Direct beef marketing not for ‘faint of heart’

Some producers sell into niche markets like natural, organic and grass fed, while some market beef themselves in a pasture-to-plate program. By selling direct to consumers, producers can set their own price and be better paid for their efforts.

Dylan and Colleen Biggs of TK Ranch near Hanna, Alta., sell meat to customers who want to reconnect with their food and know how it is produced.

“Direct marketing is a big job and not for the faint of heart, but can provide income stability for farm families,” said Colleen.

In the early 1990s, the couple felt they had done everything they could to lower costs of production but they were still losing money. Then the bank called to ask how they were going to service their debt.

“We had three small children and Dylan was working 14-hour days managing the ranch. It looked like the only option was for me to get a job, but it would pay less than what I’d have to pay for child care,” she said.

They decided to take control of their own marketing and add value to what they were already doing.

In 1995, direct marketing beef in Alberta was unheard of. Some ranchers kept a steer to butcher for family and friends but everyone bought meat at grocery stores. “When we called Alberta Agriculture to get information about selling direct, they told us we would fail,” Colleen recalled.

“We decided to take the risk anyway, and invest our time and limited resources into a grass-fed program.”
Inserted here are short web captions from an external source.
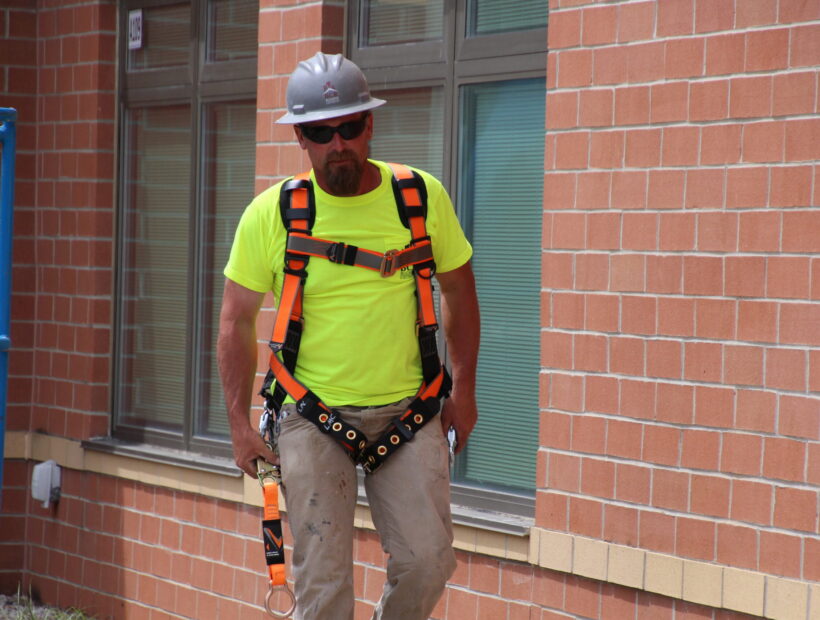 construction worker on site wearing safety harness and helmet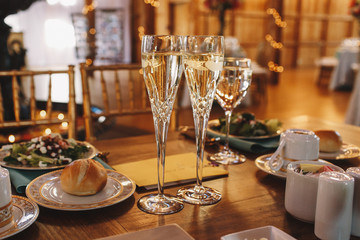 Crystal flutes with champagne stand on the wooden dinner tables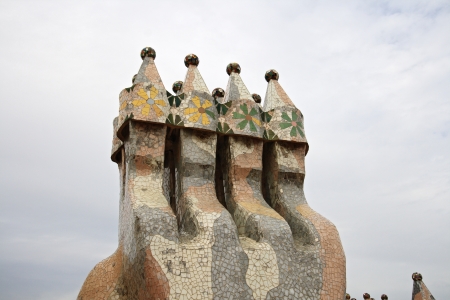 BARCELONA - MAY 08: Chimneys on the rooftop of the house Casa Batllo designed by the famous architect Gaudi on May 08, 2013 Barcelona, Spain のeditorial素材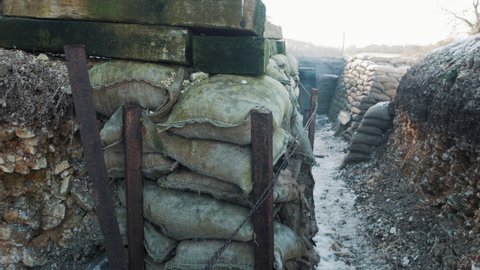 A first world war trench view with wooden planks and sand bags in France during ww1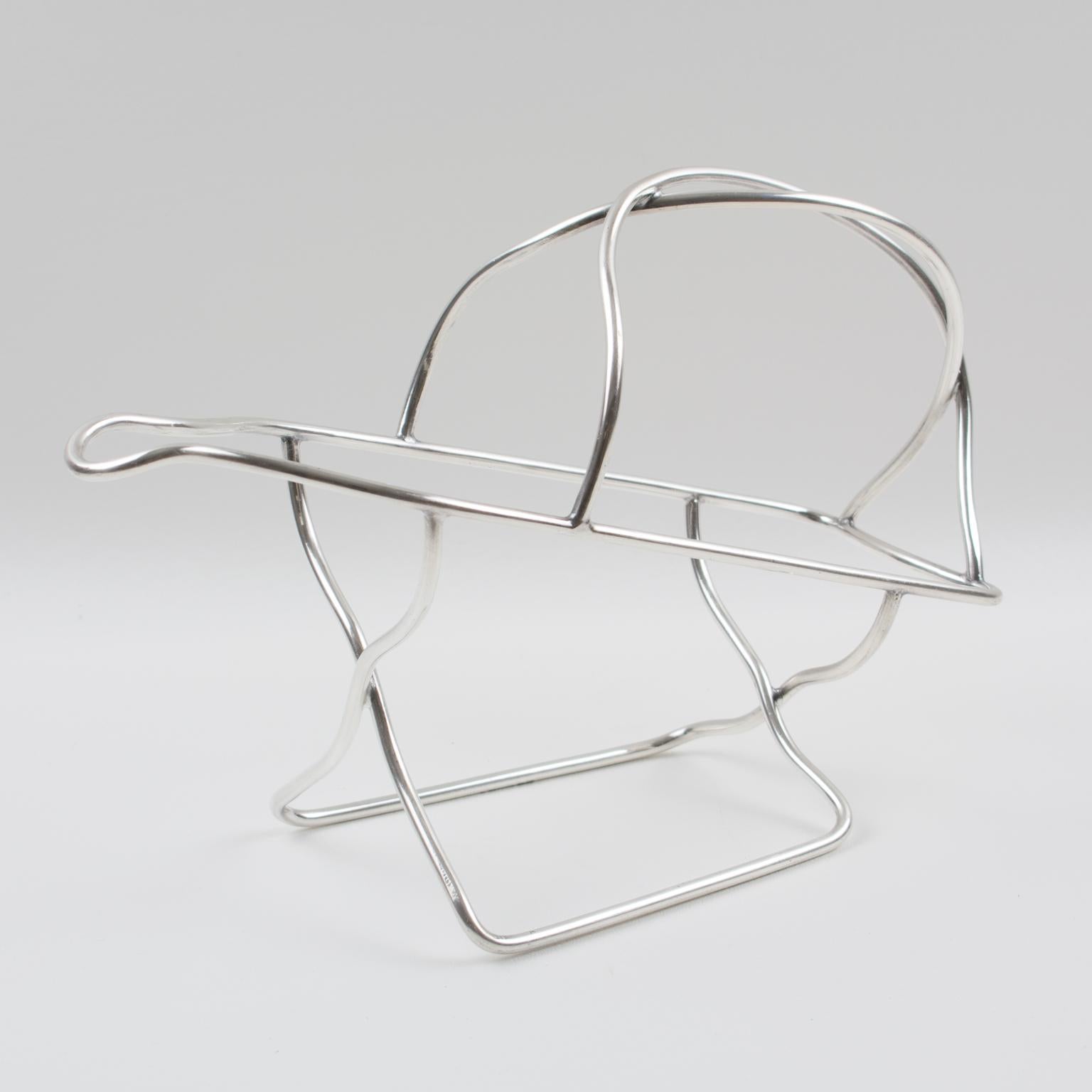 French silversmith Ercuis, Paris, designed this stunning silver plate bottle holder, wine pourer, or server in the 1950s. The piece features a streamlined shape with a minimalist design. The legal silversmith hallmarks are engraved on the
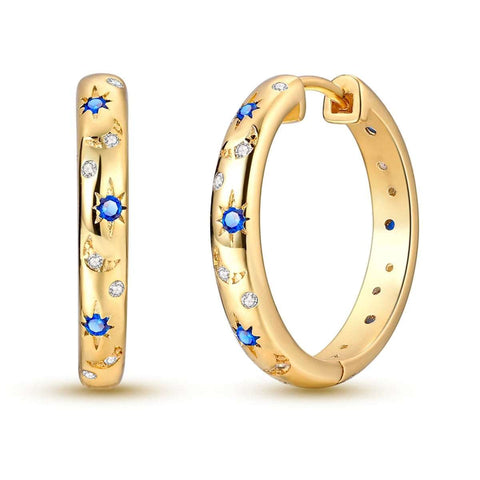 Gold hoop earrings with star and moon designs and blue accents.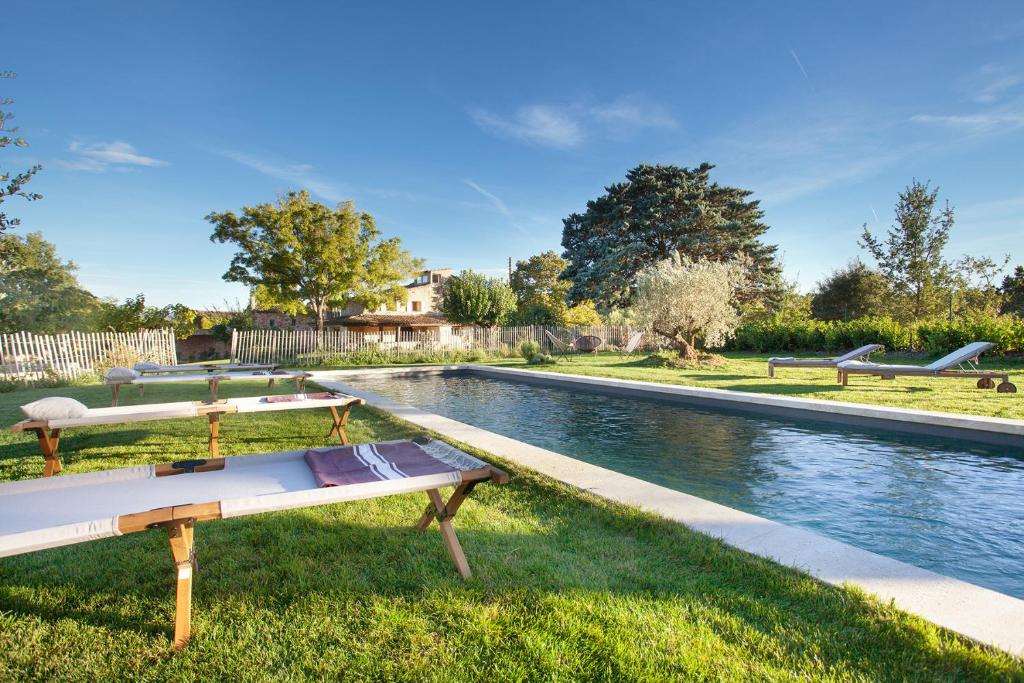 uma piscina de água com dois bancos na relva em Domaine Les Petites Vaines em Goult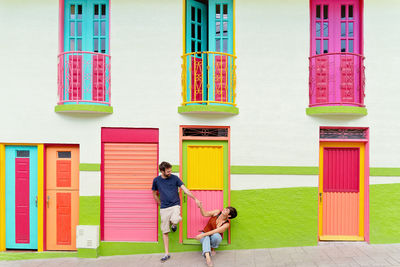Full body of happy young traveling couple holding hands and looking at each other near typical residential building with bright colorful doors and windows during holidays in colombia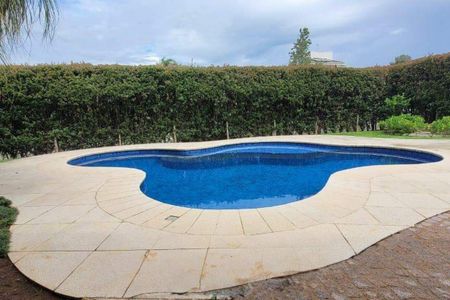 Casa de condomínio à venda com 338m², 5 quartos e 6 vagas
That evolved from producing humanely raised livestock to processing, developing their own brand, meeting with retailers, building warehousing facilities, co-ordinating deliveries and dealing direct with consumers — and building their own abattoir.

“Meat quality is essential so we mortgaged everything we owned in 2014 to become one of the first families in Canada to have our own on-farm government-inspected red meat abattoir. Then the recession hit, so we started custom-processing as well, to augment our income,” Colleen said.

“We have a meat-cutting facility near Calgary where it’s easier to get employees. We slaughter beef on the ranch and do dry aging, then break down the carcasses and take them to our cutting facility. We have a store there, and an online store.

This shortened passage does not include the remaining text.